I have loved London, if for the only reason that it was my home since birth, it was the place where I grew up, where I played, where I formed...
During the course of the last few years or so, our family has suffered a considerable amount of emotional hardship; I lost my dad in the summer of 2016 and just five short months later, we lost my mum during the winter. Needless to say, we pulled forth into the New Year with heavy hearts, full of grief and mourning. And I cannot explain to you in words what that inner turmoil felt like, what it
still feels like -- the pain that comes with watching your loved ones having fought almost valiantly (
for years),
only to witness them slowly succumb to the devastating hands of that cancerous grip, is metamorphic. It changes you, moulds you into something else.

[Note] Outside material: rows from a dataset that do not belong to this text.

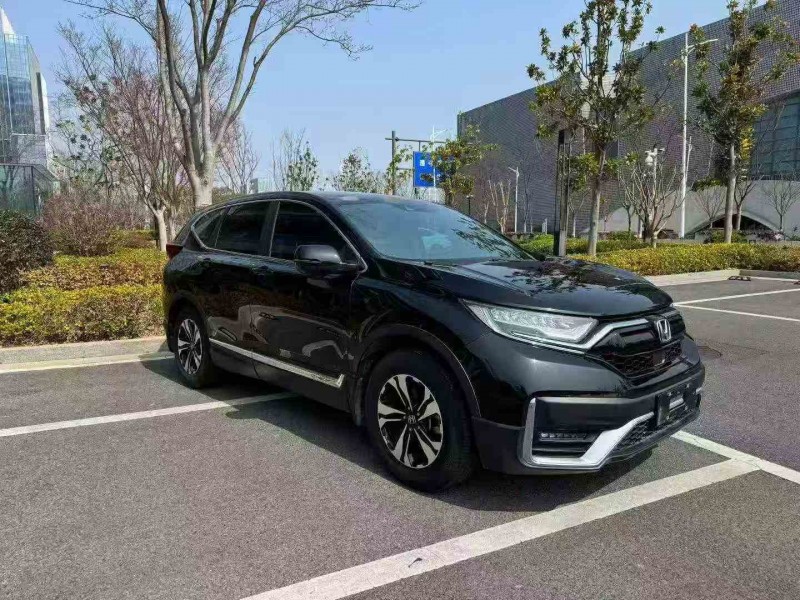 南通22年本田CRV2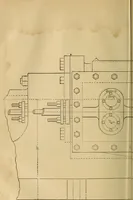 An illustration from Mechanical drawing self-taught: comprising instructions in the selection and preparation of drawing instruments, elementary instruction in practical mechanical drawing together with examples in simple geometry and elementary mechanism, including screw threads, gear wheels, mechanical motions, engines and boilers (1883)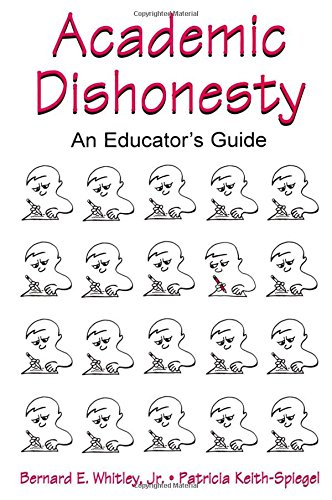 Academic Dishonesty ebook
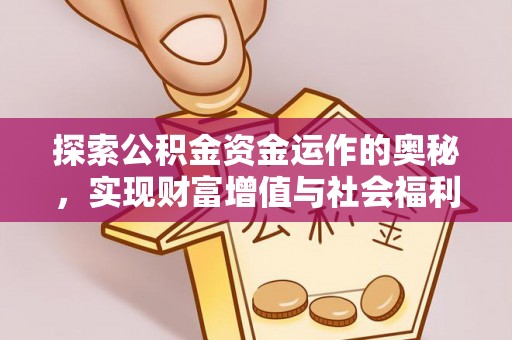 容县探索公积金资金运作的奥秘，实现财富增值与社会福利双赢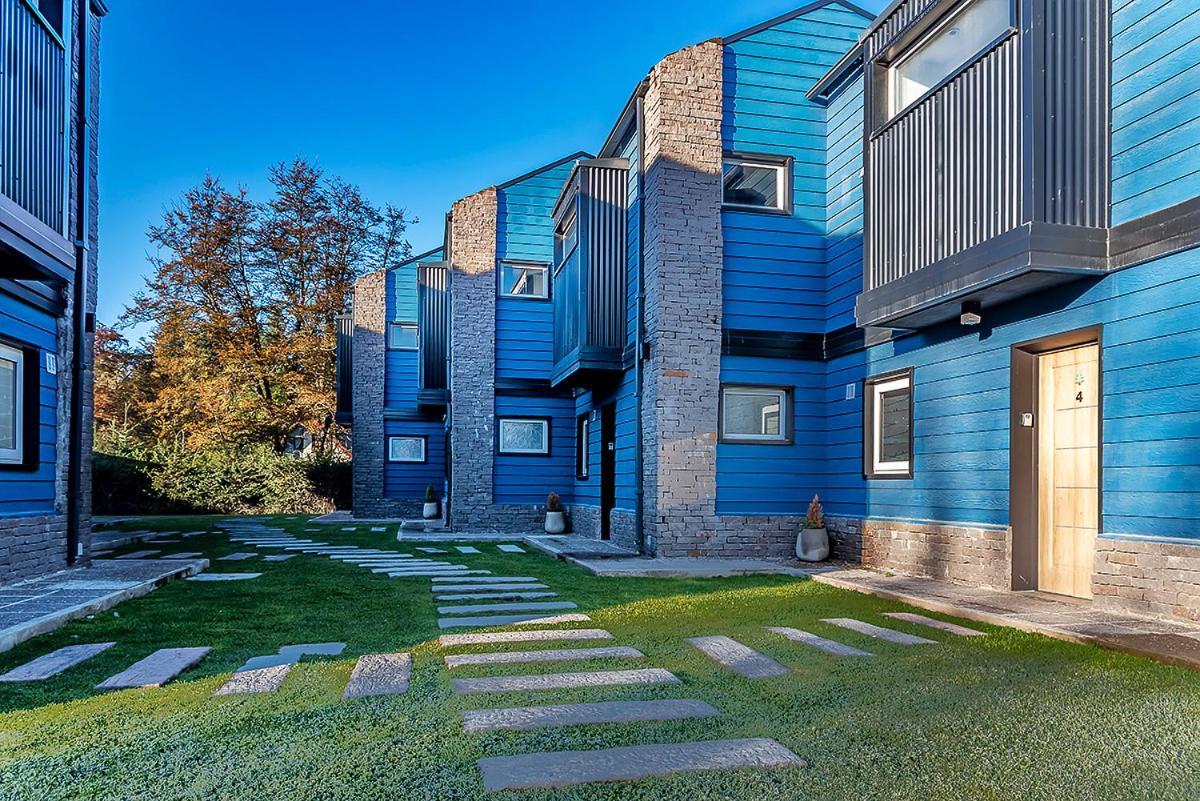 Happy Host - Casas Calafate Vla Apartment Villa La Angostura Exterior photo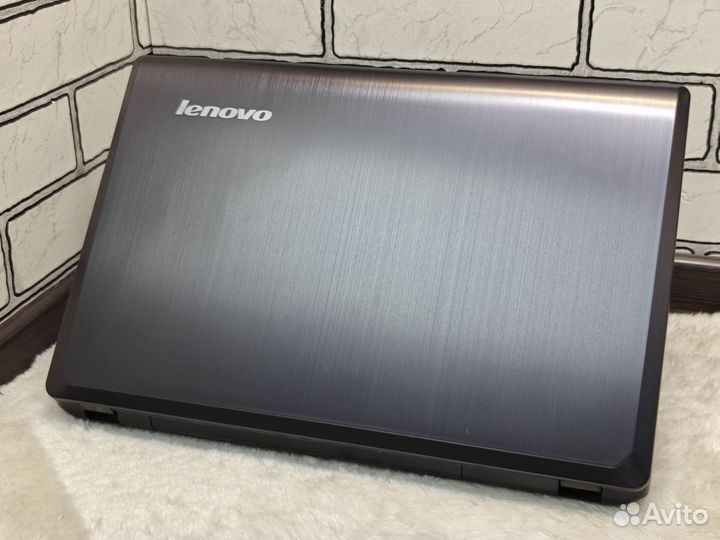 Lenovo / i7-3610QM / GTX660M / 10GB /SSD/Подсветка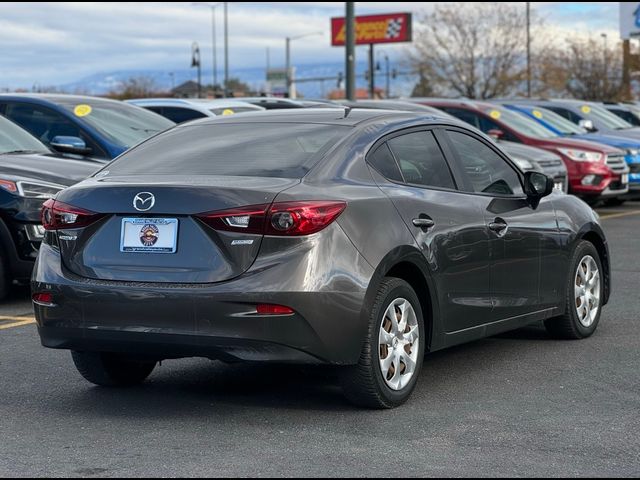 2018 Mazda Mazda3 Sport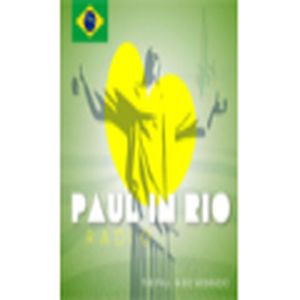 PAUL IN RIO RADIO logo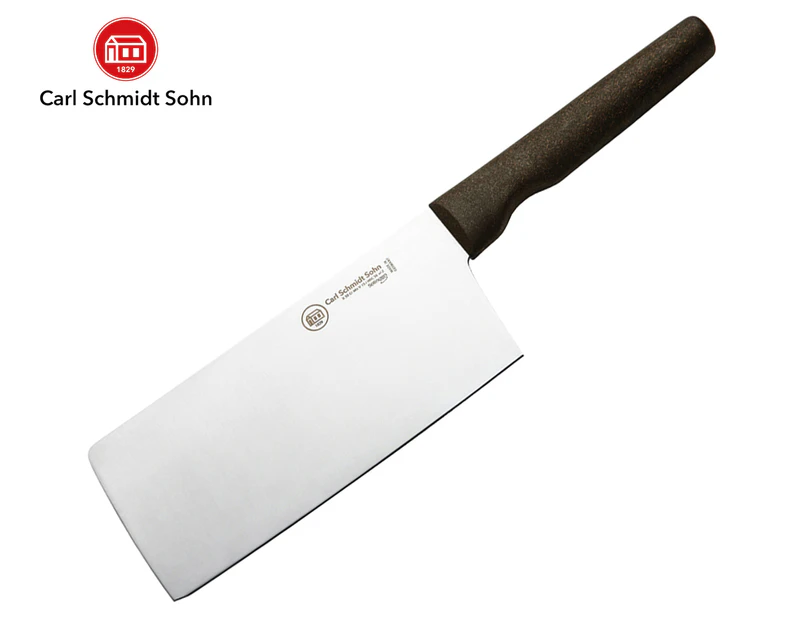 Carl Schmidt Sohn 17.5cm Köln Cleaver Knife / Chopper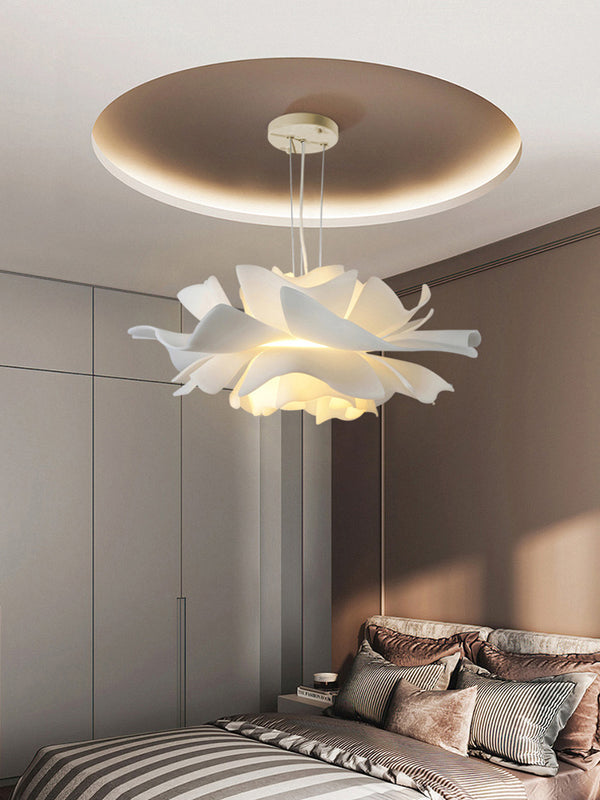 Kreative Blumenleuchter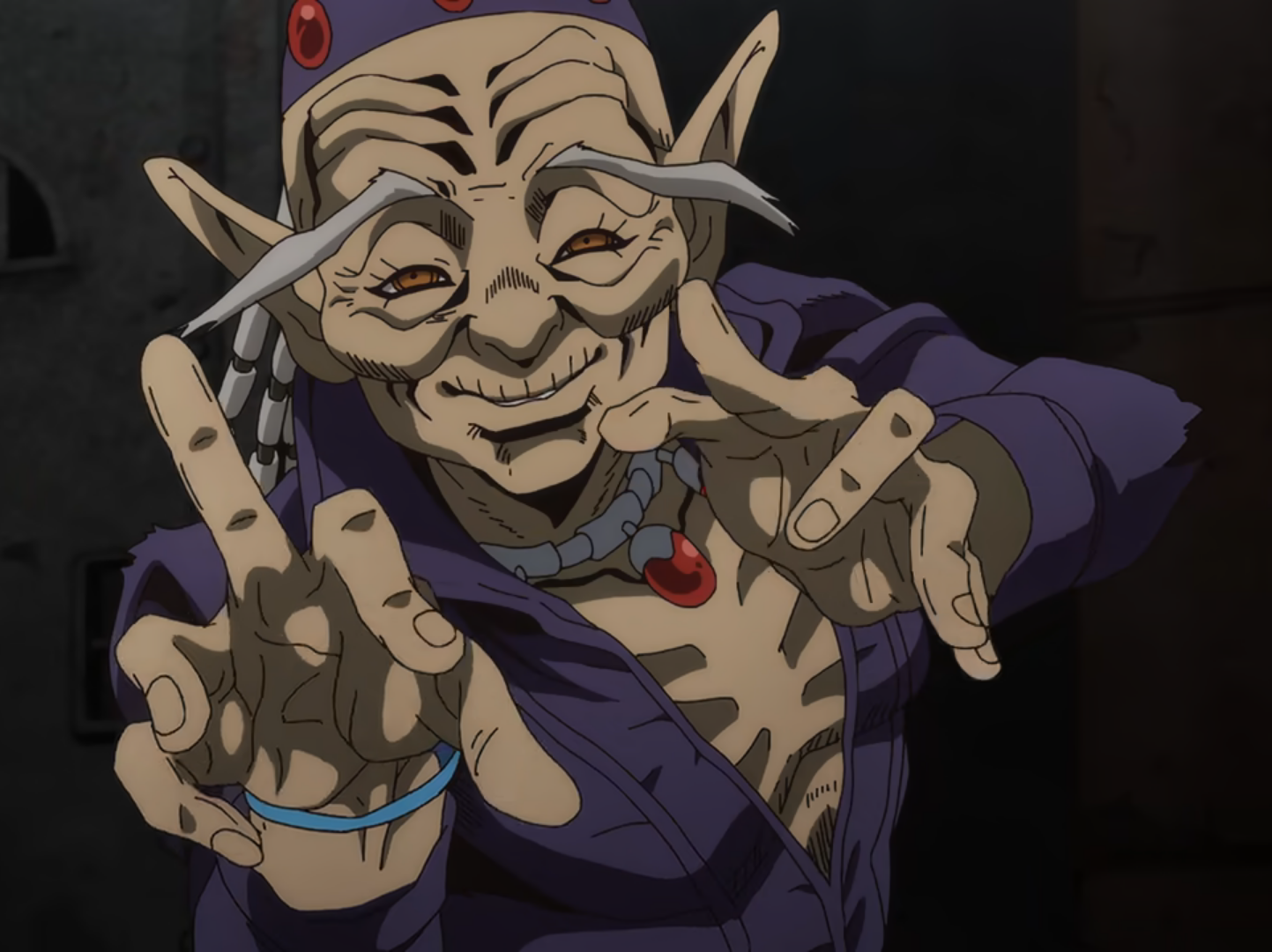10 References To Previous JoJo Parts That You Missed In The Stone Ocean Opening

We have good days and some bad days. Almost two years late, I'd like to say we err on the side of good but it's the bad days, those small transient moments, that completely catch you off your guard and hit you right out of the blue. Sometimes, the grief can be relentless and almost impossible to bare but we bare it, nonetheless. And as we must. We wear grief's scarring wound and familiarise our minds with the burden that it takes on the body. I suspect that we will always carry this pain somewhere deep inside of us - where it will reside sometimes quiet in the hush of its dormant state, and at other times awaken from slumber to return to its active and temporary overflow - until the day that we, ourselves, contribute to someone else's change.
Mum and Dad were always a constant fixture in my life, they became a constant in my Mr. Storm's life and then, as another generation is born, in our children's lives... And then suddenly, they were both gone. They left behind an aching cavity in the pit of the stomach in a world that allows no respite, no rest, no time to breathe or reflect upon what it is that you have lost. Because it is not just they who have departed; with their absence, gone is the rooted anchor that once held me so entirely to London; a place that has been another kind of constant in life. London has been my familiar, my birthplace, my playpen, my educational circuit. This is the city where I met my husband, it's where our children were born and spent their formative years blooming and where we have family and friends still residing. London has always been my home. And despite its misgivings, I think I'll always hold those fond memories close to my heart.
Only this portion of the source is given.